"Listek" nie uważa jednak, że będzie łatwo. "Czesi ostatnio w mistrzostwach świata do lat 20 zajęli drugie miejsce i na pewno będą stawiać w tych eliminacjach na młodych zawodników, którzy mogą być groźni. Mimo wszystko będziemy walczyć o pierwsze miejsce w grupie" - przyznał w studiu TVP.
"To bardzo dobre losowanie zarówno od strony sportowej, jak i logistycznej. Nie będzie dalekich wyjazdów, nie będzie różnic czasowych i nasz dwunasty zawodnik, którym są kibice, nie będzie miał problemów dotarcia na stadiony. Oprócz tego łatwo będzie można podglądać przeciwników" - dodał Michał Listkiewicz.
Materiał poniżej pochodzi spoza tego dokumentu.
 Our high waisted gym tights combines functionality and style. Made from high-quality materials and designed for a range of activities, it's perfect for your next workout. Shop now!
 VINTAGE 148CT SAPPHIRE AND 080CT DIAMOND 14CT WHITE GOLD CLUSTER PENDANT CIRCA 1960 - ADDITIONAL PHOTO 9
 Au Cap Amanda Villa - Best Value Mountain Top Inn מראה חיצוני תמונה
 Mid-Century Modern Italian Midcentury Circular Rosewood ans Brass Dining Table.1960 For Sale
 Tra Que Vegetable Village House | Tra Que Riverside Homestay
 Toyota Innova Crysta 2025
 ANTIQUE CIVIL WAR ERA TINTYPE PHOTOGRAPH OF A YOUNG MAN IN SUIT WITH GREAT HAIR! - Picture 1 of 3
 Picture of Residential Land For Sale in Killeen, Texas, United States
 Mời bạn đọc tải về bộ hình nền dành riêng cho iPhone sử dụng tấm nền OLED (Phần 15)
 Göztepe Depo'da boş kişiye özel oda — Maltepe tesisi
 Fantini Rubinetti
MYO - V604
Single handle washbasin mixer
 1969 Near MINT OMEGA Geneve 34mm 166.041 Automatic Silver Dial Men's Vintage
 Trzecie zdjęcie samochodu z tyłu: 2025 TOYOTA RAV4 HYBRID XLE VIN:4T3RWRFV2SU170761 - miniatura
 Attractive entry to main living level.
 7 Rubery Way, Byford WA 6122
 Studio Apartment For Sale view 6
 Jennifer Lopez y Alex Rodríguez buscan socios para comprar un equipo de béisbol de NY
Były trener kadry Jacek Gmoch przestrzega przed hura-optymizmem. "Nie można jednak nikogo lekceważyć. Czechom wprawdzie w mistrzostwach świata ostatnio nie idzie najlepiej, ale mimo tego jest to bardzo dobra drużyna. Również Słowacja i Irlandia Północna niejednokrotnie udowadniały, że potrafią urwać punkty najlepszym" - wyjaśnił Gmoch.
Jerzy Engel, który poprowadził Polskę do awansu do mistrzostw świata w 2002 roku jest dobrej myśli. "Tylko dwa zespoły w trzeciej grupie będą się liczyć w walce o udział w mistrzostwach świata - Polska i Czechy. To między tymi drużynami rozstrzygnie się walka o pierwsze miejsce i bezpośredni awans" - przekonywał Engel.